Social networks require no further definition beyond “public and accessible to all”. They are already being used to flag activities of concern, forecast consumer behaviour, measure influence, and track the movement and engagement of targeted audiences, and they were successfully used following Hurricane Melissa to provide acceptable estimates for damage and volume of debris for accurate and strategic deployment of resources. These are no longer mere “trends”; they are statistical outputs with real-world consequences.

Governments across the geopolitical landscape understand this power well. Many take deliberate steps to protect their political borders and digital sovereignty, especially in regions where countries share land borders and, by extension, access to each other’s information networks.

Barbados Prime Minister Mia Mottley, at the 49th Conference of CARICOM Heads of Government, emphasised the urgent need for the Caribbean to own its satellites and control its digital infrastructure. True sovereignty, she argued, requires ownership of the systems that transmit our communication, information, and even our financial transactions.

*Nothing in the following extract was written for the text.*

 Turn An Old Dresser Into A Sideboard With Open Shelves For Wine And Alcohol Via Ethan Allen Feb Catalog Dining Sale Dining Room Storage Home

Such a step would immediately reduce our dependence on external powers that may seek to influence or pressure our political decisions, simply by limiting or threatening access to the very technologies on which our societies now rely. This represents one of the most significant threats to sovereignty, since our nations first gained independence.

If the Caribbean is to secure its future, we must open our eyes to our digital DNA, how it is formed, how it is used, and who ultimately controls it. It is time for strategic ownership.